The Vietnamese New Year feast, or Tết, is a celebration of delicious traditional dishes such as boiled chicken, fried spring rolls, pork sausage, bamboo shoots soup, stir-fried pork hocks, and many more. Among these, stir-fried pork hocks stand out for their unique crunchy texture and aromatic flavor, making them a favorite among many.

You can easily prepare this mouthwatering dish at home for your family to enjoy. However, to ensure the best results, keep in mind these five essential tips:

Selecting the Right Ingredients for Stir-Fried Pork Hocks

As you may know, the primary ingredients for this dish typically include pork hocks, ears, and tongue.

– Pork Ears: For the best results, opt for clean, white ears, avoiding any that appear dark or greenish. Stay away from those with excessive fat.

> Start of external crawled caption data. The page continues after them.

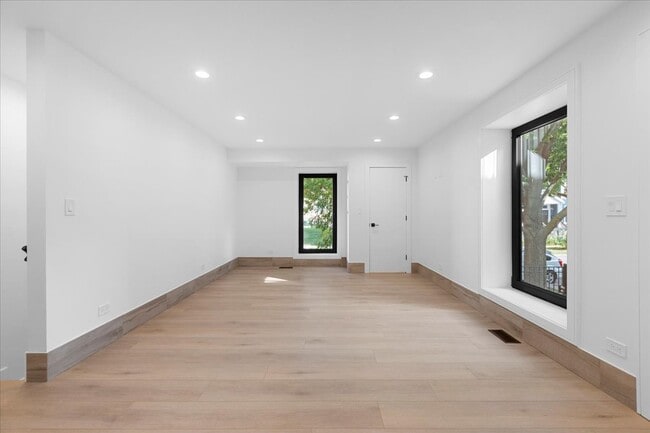 Building Photo - 1929 N Drake Ave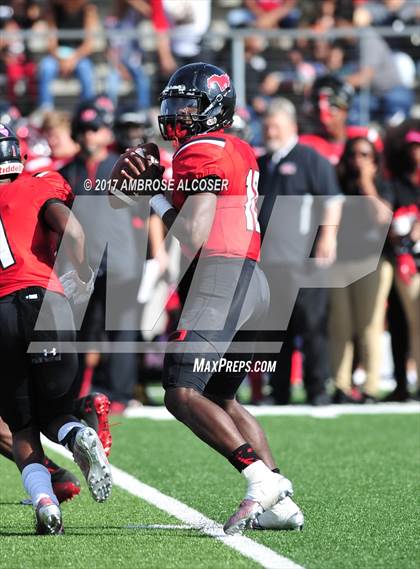 Thumbnail 3 in Westfield vs. Lufkin (UIL 6A Regional Playoff) photogallery.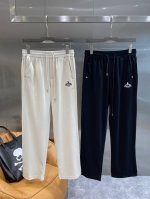 普家 prada休闲裤超有型 简约又百搭。裤身正面有精致的白色品牌标识，低调中彰显奢华，金属拉链头的点缀，更是增加了细节感 松紧腰搭配抽绳设计，M-3Xl 隔天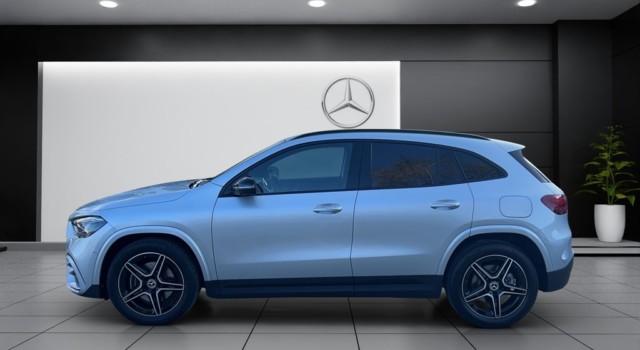 MERCEDES-BENZ GLA 220 4Matic 8G-DCT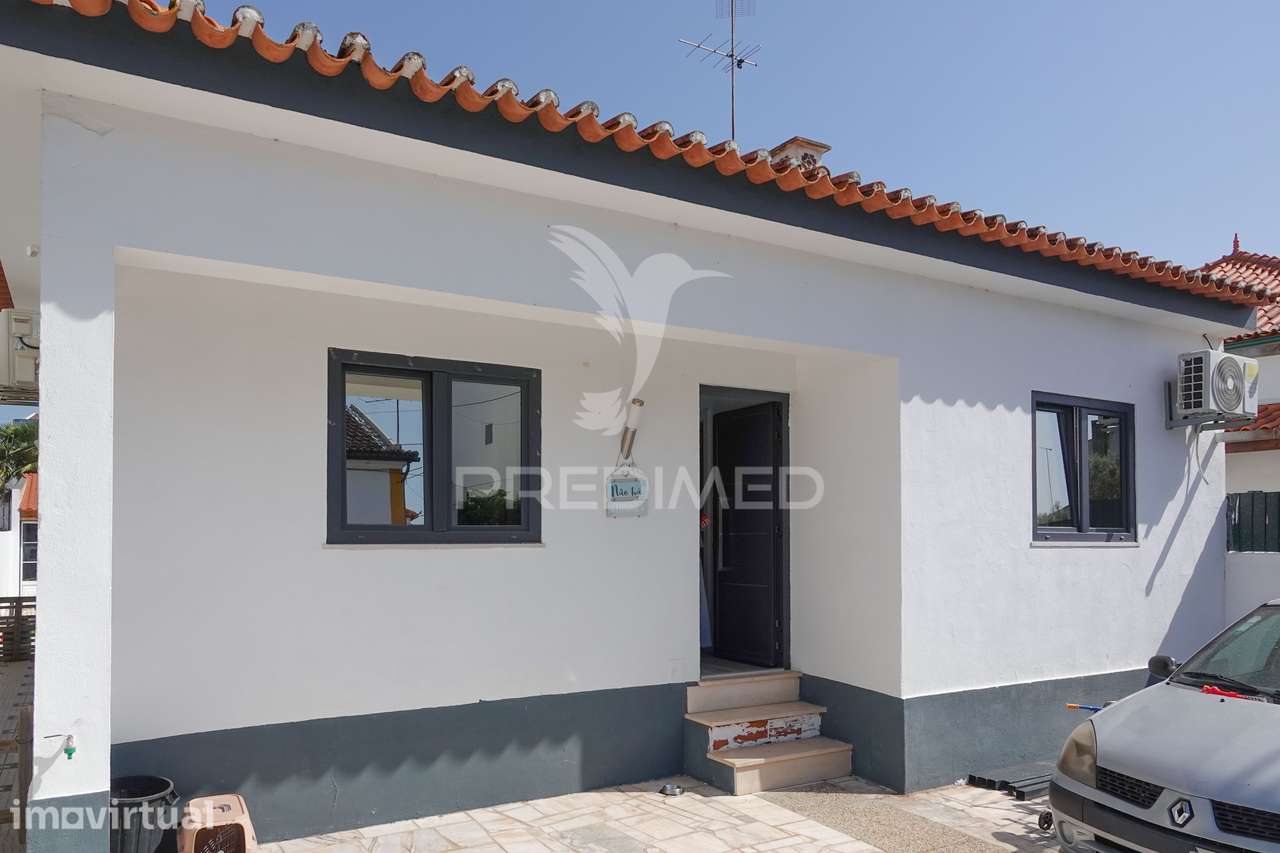 Moradia V2 Moderna e Remodelada com Quintal em Alferrarede, Abrantes. - Grande imagem: 2/27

– Pork Tongue: Choose tongues with a bright red, vibrant color, and a white section near the throat. Once cleaned, it should have a distinct aroma, free from any unpleasant odors.

– Pork Hocks: Select fresh, vibrant red-pink hocks with good elasticity and no water leakage. These will add a nice crunch and help bind the dish together without making it dry or crumbly.

Additionally, enhance the flavor by including mushrooms, wood ear fungus, peppercorns, shallots, and fish sauce. Always choose the freshest and highest-quality ingredients for an exceptional dish.

Preliminary Preparation

– As the tongue comes into direct contact with food, it tends to have a strong odor. It’s best to scald it in boiling water to facilitate cleaning, then scrape off the white coating on the surface.

– Remove any hair from the hocks and ears, then rub them with a mixture of lemon juice, white alcohol, and a pinch of salt to eliminate any unpleasant smells before rinsing.

– For the ears, use a knife to make small incisions in the holes at the base of the ear, where dirt tends to accumulate. Rinse thoroughly to remove any remaining impurities.

– Boil a pot of water with a spoonful each of vinegar and salt. Briefly blanch all the meats for about 2 minutes to ensure they’re clean and fragrant.

Marination

Remove the meats from the pot and rinse them in cold water to get rid of any scum and prevent discoloration. Cut the meats, ears, and tongue into thin slices, then marinate them with a pinch of salt, pepper, and fish sauce for about 30 minutes.

Soak the mushrooms and wood ear fungus in warm water to rehydrate them, then clean and chop finely. Peel and mince the shallots.

Stir-Frying the Ingredients

Sauté the shallots until fragrant, then add the meats and stir-fry until they change color. Toss in the mushrooms and wood ear fungus, seasoning with fish sauce to taste. Continue cooking until all the ingredients are well-done and infused with flavor. Finally, sprinkle in some pepper, give it a good stir, and turn off the heat.

Pressing the Stir-Fried Pork Hocks

– Start by cleaning your pork hock mold and letting it air dry.

– For an extra touch of freshness, line the mold with clean banana leaves.

– Fill the mold with the hot stir-fried mixture, tightening the screw by hand. It’s crucial to use hot ingredients to ensure the mixture binds together nicely, resulting in a cohesive dish that isn’t dry or crumbly. The tighter the mixture is packed, the chewier and more enjoyable the final product will be.

– Allow the mold to cool, then refrigerate it for about 8 hours or overnight. This will help the stir-fried pork hocks set, becoming firmer and easier to slice.

Happy cooking, and may your stir-fried pork hocks turn out delicious!